As once was Stockhausen's Punkte - but that was nearly sixty years ago. Unremarkably, the ageing Mahler fans who form a large part of the Arena audience came out with the usual lame jokes and mutterings. But to their credit, the vast majority returned from the bar after the interval for the Stockhausen. A few passive-aggressive old bats chose to demonstrate their superior musical tastes by ostentatiously rustling their boiled sweets and Sudoku 'books' throughout, but the vast majority stood there silently and perhaps attentively, prepared at least to give the music a chance.
I doubt if many were converted - Punkte is one of the early works where musical effect is subsumed to the underlying idea, and the idea sustains more like 27 seconds of music than the 27 minutes it extends over.

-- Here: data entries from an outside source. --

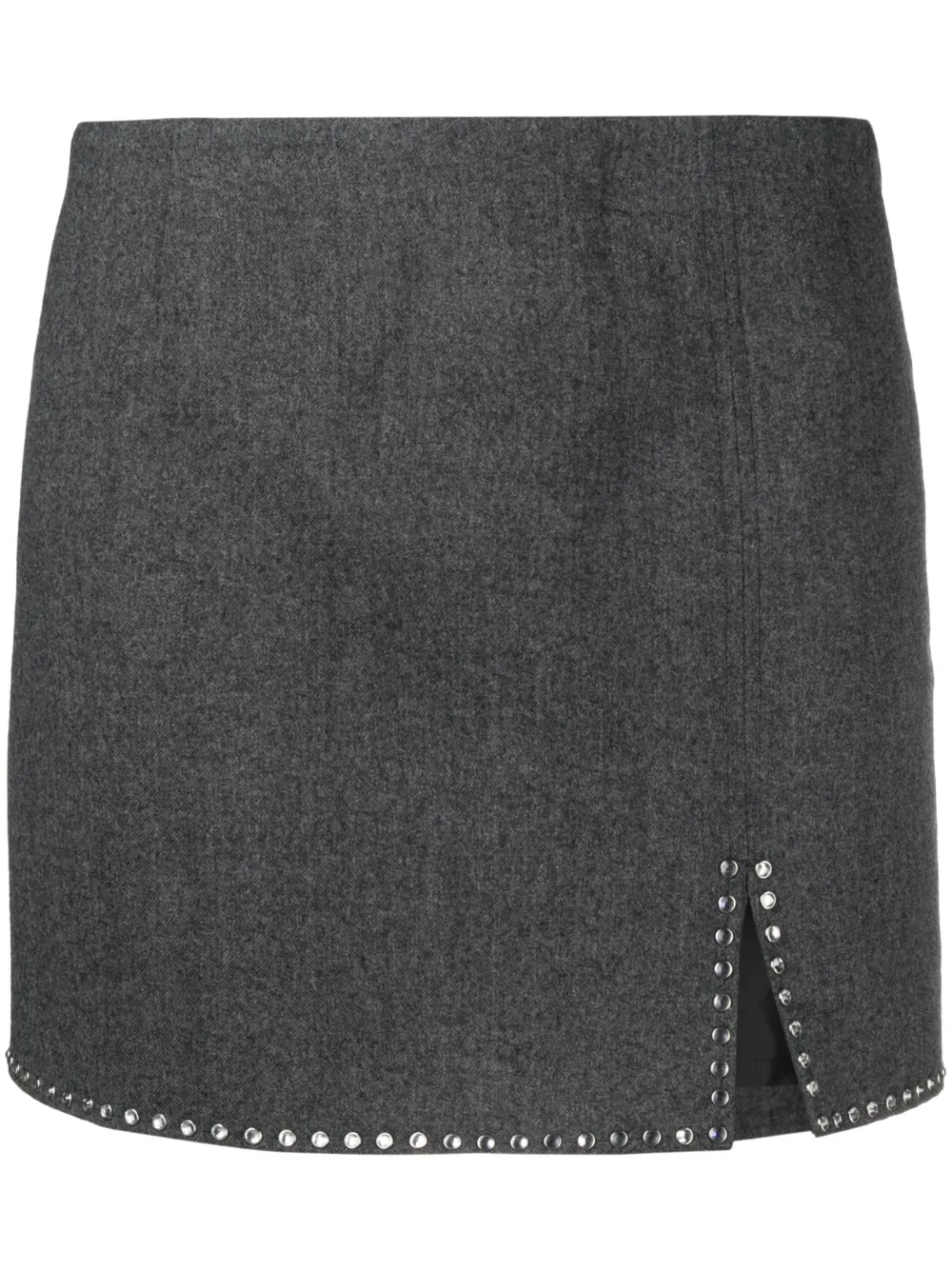 SANDRO Wollen mini-rok Grijs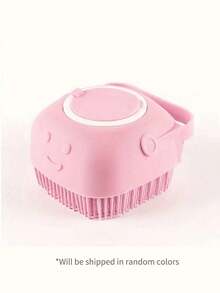 1pc Pet Bath Brush, Silicone Massage Rubber Bath Comb With Shampoo Dispenser, Grooming Tool For Dogs And Cats, Random Color - Multicolor - View 8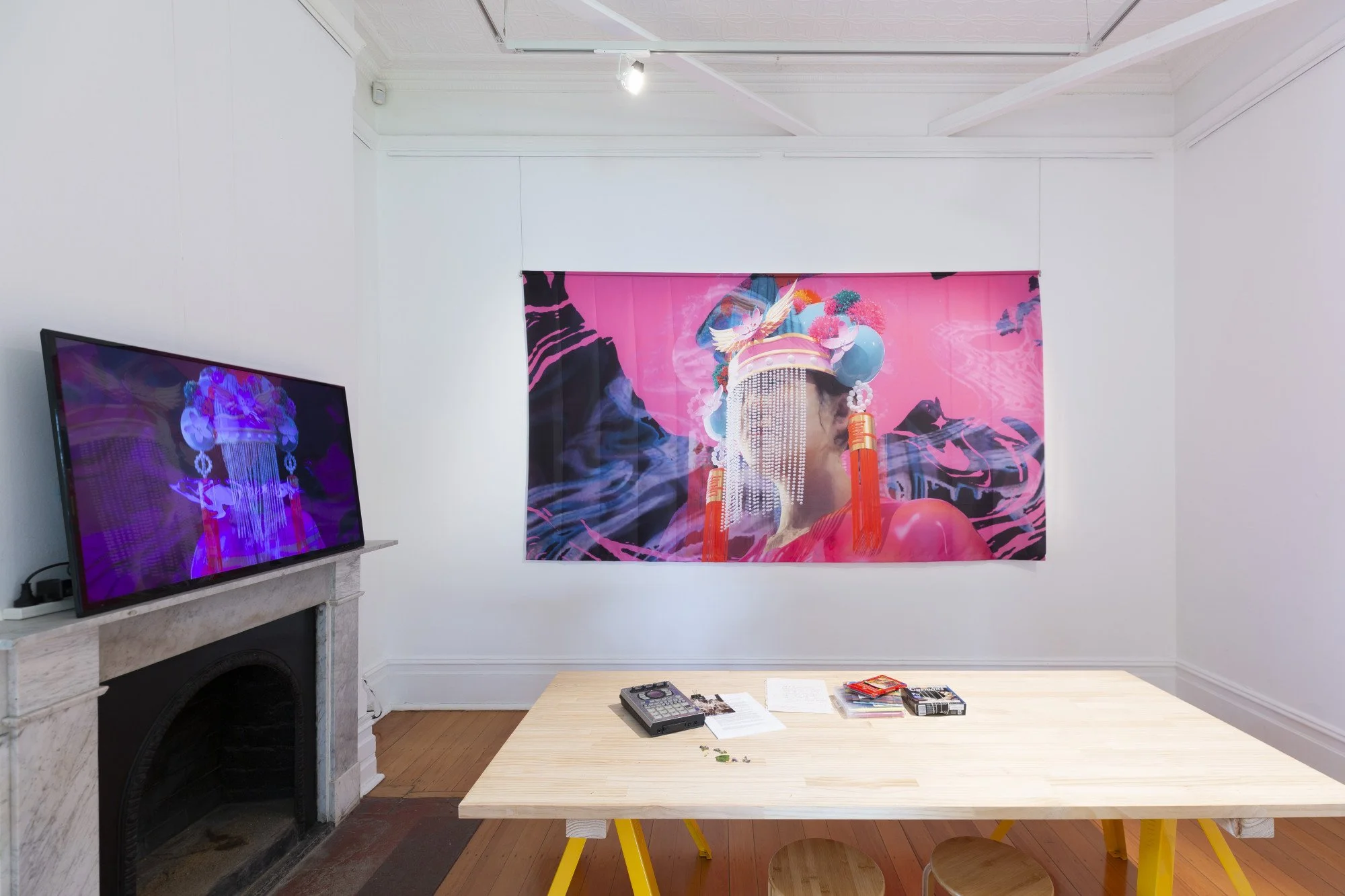 "Fish Song, Bird Song", 2022. Installation view, 52 ACTIONS, Penrith Regional Gallery, Sydney. Photo: Document Photography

Although Stockhausen went back later and revised the work, it remains, despite a supple and accurate performance by the Gürzenich, largely dry and unrewarding. "It wasn't flowing" complained a nearby prommer, who unwittingly grasped the Punkt of it all "just a load of different noises with gaps in between".
Stockhausen's legacy is I think better served by the outright sonic manipulation of later works. But Punkte I guess slotted better into this programme, because it deploys relatively conventional orchestral forces. The unconventional but typically thoughtful layout (violins to the right, a harp on each side of the conductor) provided the main foretaste of the spatial soundgames Stockhausen was later to play.
Orchestrating Schubert lieder is a rather quaint and unfashionable practice, but one that might be worth reviving if cast the songs in a new light.
But all four of the newly-commissioned orchestrations for this evening were dull and formulaic. I've heard more interesting arrangements on ye olde scratchy lieder 78s (and would have been happy to hear these revived - what's the point of revisiting if you're not going to rethink?)
A couple were worse than dull - Colin Matthews' stodgy brass band lullaby for Nacht und Träume entirely missed the point of its hidden death wish, and Detlev Glanert's leaden Das Lied im Grünen had none of the joys of spring.
Careless programme editing didn't help - the text for the Rellstab Ständchen D957 was printed instead of the required (identical in name only) Grillparzer Ständchen D920. (Correct text and original music is here for anyone interested, translation is here, and here's an idea for the editor's Xmas list.)
Angelika Kirchschlager, dressed as everyone's favourite Quality Street, nuts and gooey caramel in a purple wrapper, did her effortful best to project over some unsympathetically dense orchestration. The upper end of her range sparkled. The lower notes, her weak point anyway, often just disappeared. But at least she brought a charm that the grimly serious earlier part of the evening had lacked.
Just when I was thinking the Gürzenich was a fine professional orchestra but nothing more, they surprised by flashing their opera house credentials with a weighty and truly stirring Leonore No.3 Overture to finish, and capped even that with their encore, a nice bit of Parsifal. We were by now more than three hours from the start, but I could happily have stayed for hours more. Why is it only at the Proms, and then only rarely, that we get orchestral concerts of any substantial length?